**SUPPLIED MATERIAL**
=== Section Start ===

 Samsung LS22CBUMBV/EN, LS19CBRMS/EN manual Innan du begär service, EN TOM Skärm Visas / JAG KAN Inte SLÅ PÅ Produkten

=== Section End ===
=== Section Start ===

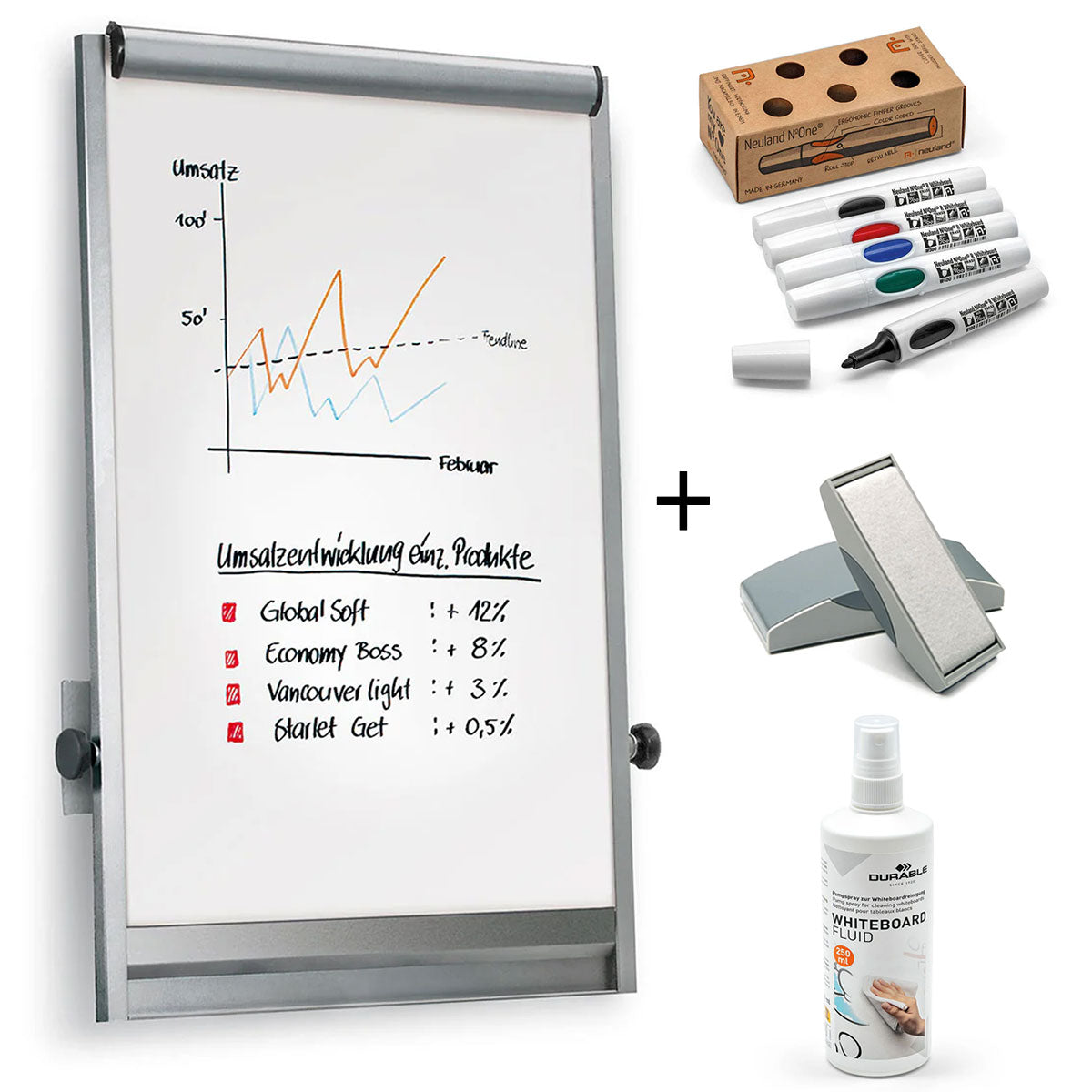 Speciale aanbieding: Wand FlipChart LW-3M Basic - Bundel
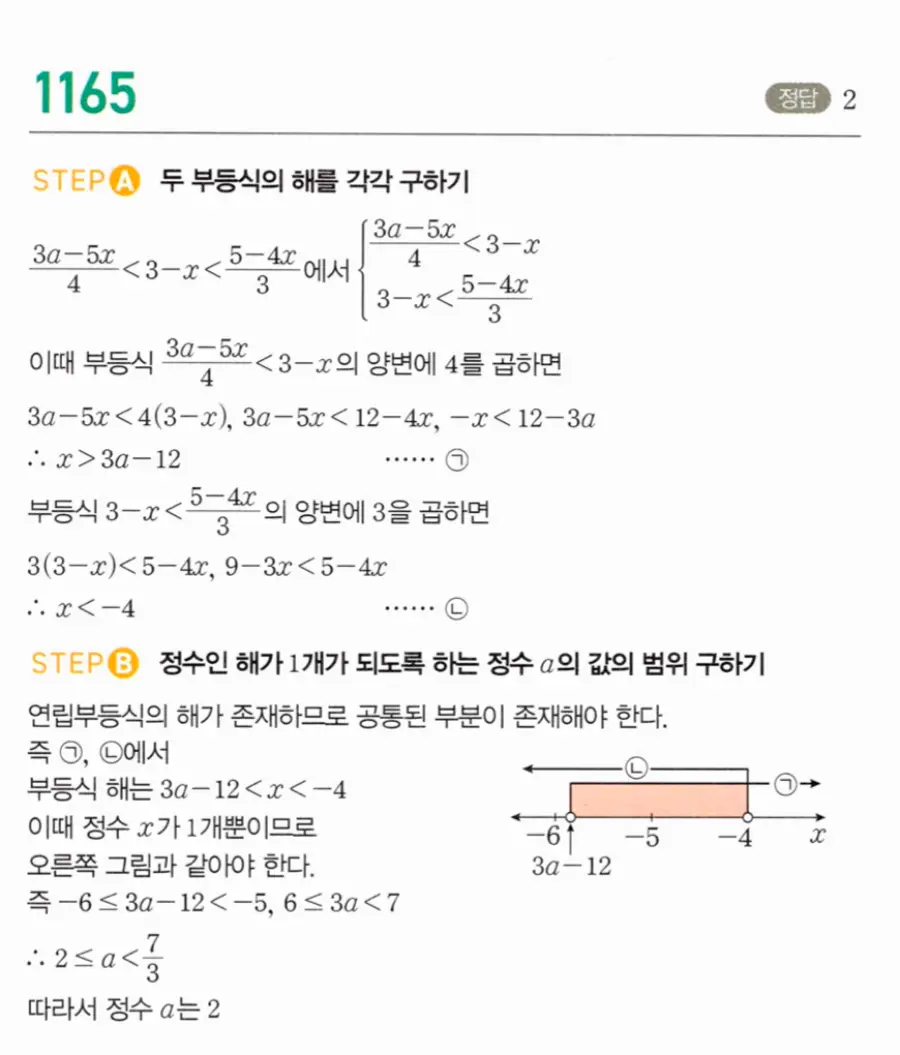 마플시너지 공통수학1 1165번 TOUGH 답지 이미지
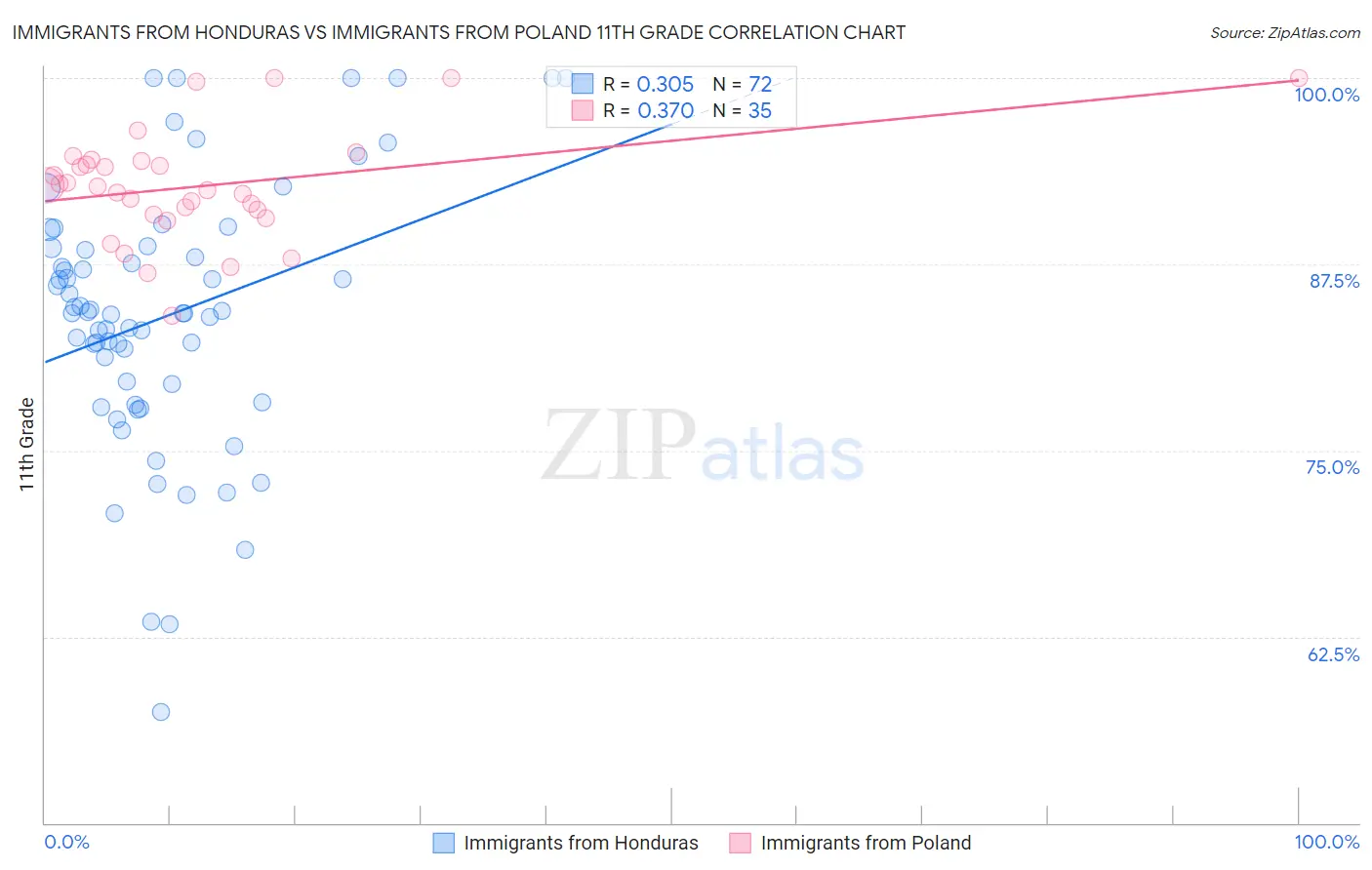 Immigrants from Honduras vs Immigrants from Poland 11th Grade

=== Section End ===

**WORK TO BE COMPLETED**
Go back to the listing above and reproduce, exactly, the stretch from the line bearing "Speciale aanbieding: Wand" through the line bearing "Immigrants from Honduras", without its pictures.

**THE COMPLETED TASK**
 Speciale aanbieding: Wand FlipChart LW-3M Basic - Bundel
 마플시너지 공통수학1 1165번 TOUGH 답지 이미지
 Immigrants from Honduras vs Immigrants from Poland 11th Grade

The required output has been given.